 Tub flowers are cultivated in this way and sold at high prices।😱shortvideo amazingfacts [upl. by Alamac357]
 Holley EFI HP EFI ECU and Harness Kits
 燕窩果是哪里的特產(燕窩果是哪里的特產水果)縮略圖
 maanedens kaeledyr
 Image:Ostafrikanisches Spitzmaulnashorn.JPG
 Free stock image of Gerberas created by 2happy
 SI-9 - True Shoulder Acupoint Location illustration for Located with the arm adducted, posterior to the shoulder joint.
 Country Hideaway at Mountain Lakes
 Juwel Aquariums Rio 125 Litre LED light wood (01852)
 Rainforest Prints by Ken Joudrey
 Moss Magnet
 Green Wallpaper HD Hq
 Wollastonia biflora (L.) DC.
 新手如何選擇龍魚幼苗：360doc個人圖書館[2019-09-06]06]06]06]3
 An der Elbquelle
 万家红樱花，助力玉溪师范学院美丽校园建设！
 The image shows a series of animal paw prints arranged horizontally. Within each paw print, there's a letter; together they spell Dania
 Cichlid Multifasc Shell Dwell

——————————

**Work request:**
Each line of the records, from the opening one through the line holding "新手如何選擇龍魚幼苗：360", should be restated word for word, with nothing else in the answer.

**Answer section:**
 Tub flowers are cultivated in this way and sold at high prices।😱shortvideo amazingfacts [upl. by Alamac357]
 Holley EFI HP EFI ECU and Harness Kits
 燕窩果是哪里的特產(燕窩果是哪里的特產水果)縮略圖
 maanedens kaeledyr
 Image:Ostafrikanisches Spitzmaulnashorn.JPG
 Free stock image of Gerberas created by 2happy
 SI-9 - True Shoulder Acupoint Location illustration for Located with the arm adducted, posterior to the shoulder joint.
 Country Hideaway at Mountain Lakes
 Juwel Aquariums Rio 125 Litre LED light wood (01852)
 Rainforest Prints by Ken Joudrey
 Moss Magnet
 Green Wallpaper HD Hq
 Wollastonia biflora (L.) DC.
 新手如何選擇龍魚幼苗：360doc個人圖書館[2019-09-06]06]06]06]3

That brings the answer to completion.